One of my favourite subjects to talk about on Live4Liverpool .com is the science of sabermetrics and the work of the Oakland Athletic Baseball team’s Billy Beane .

I won’t go over it all again but suffice to say that Beane is a close follower of the Premier League and is a close friend of Damien Comolli. John W Henry wanted Beane to become General Manager at the Boston Red Sox after he took over the Baseball team, seeing Beane’s sabermetric approach to sport as similar to his own systematic quantitative analysis approach which made him a successful businessman. Although Beane rejected the role at the Red Sox, he kept in close contact with Henry and is widely credited for recommending Comolli for the role of Director of Football at Liverpool shortly after the arrival of the American owners last October.

Beane continues to watch the Premier League closely after he became fascinated with the passion and “tribal emotion” of English football, as he liked to call it, after he went on holiday to London in 2003. Like John W Henry in business, Beane had tried to take all the emotion out of his role as a Baseball manager, selecting players systematically on sabermetrics rather than instinct and gut feeling. Up until 2003, Beane felt that the emotion of fans in the English game must have had corollaries in how managers, coaches and scouts approached the game too.

This has begun to change in recent years to the extent that Opta stats are now highly sought after by every Premier League club, which wasn’t the case a decade ago. Beane also believes such a systematic approach to player performance has spread to transfer dealings, he told Esquire magazine:

“If you see the emphasis on young players in the Premier League, there is some evidence.

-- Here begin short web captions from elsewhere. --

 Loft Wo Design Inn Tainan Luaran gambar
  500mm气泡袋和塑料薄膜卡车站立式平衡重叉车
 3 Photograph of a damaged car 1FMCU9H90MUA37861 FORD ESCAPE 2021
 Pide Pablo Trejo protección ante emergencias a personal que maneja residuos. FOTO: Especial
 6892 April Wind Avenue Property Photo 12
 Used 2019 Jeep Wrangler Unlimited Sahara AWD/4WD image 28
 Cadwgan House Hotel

At last the desire to pay for future performance has eclipsed the desire to pay for past performance.”

Two of the most exceptional examples of this approach have been the £35million signing of Andy Carroll in January and the £16million of Jordan Henderson in the summer. Carroll (in regards to shots to goal conversion rate, and work rate) and Henderson (in regards to both chance creation stats and pass completion rate) have exceptional stats in important areas for such young players.

Both players have come under much criticism for failing to perform so far in a Liverpool shirt. Many fans feel the £51million could have been better spent elsewhere on more “proven players.” For Beane though, this is contradictory to good business practice and to building a “sustainable” business model. Paying for players because of their past success is not financially sensible and can lead to massive disappointment on the pitch (e.g £80million Chelsea spent on Andrei Shevchenko and Fernando Torres.)

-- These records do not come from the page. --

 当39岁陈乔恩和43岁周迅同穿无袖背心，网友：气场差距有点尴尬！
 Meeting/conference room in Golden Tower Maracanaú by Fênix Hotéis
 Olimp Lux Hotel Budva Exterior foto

“Sustainability” is the key phrase here. FSG are spending the money on these players because they feel they are paying for future performances, which could lead to a successful club both on the pitch in regards to trophies and off the pitch in regards to business. The emotion of wanting to buy a “proven player” is entirely lacking from these deals, in stark contrast to Roman Abramovich. Building a team for the future needs patience as success won’t come over night but the strategy is there for long term to ensure the sustainable growth of the team. This systematic approach may not be proven right in regards to these signings but we will have to wait and see. It is an approach which aims to be right more times that it is wrong; something a lot less risky than putting all your eggs in one basket; in the gut instinct of scouts, coaches and manager.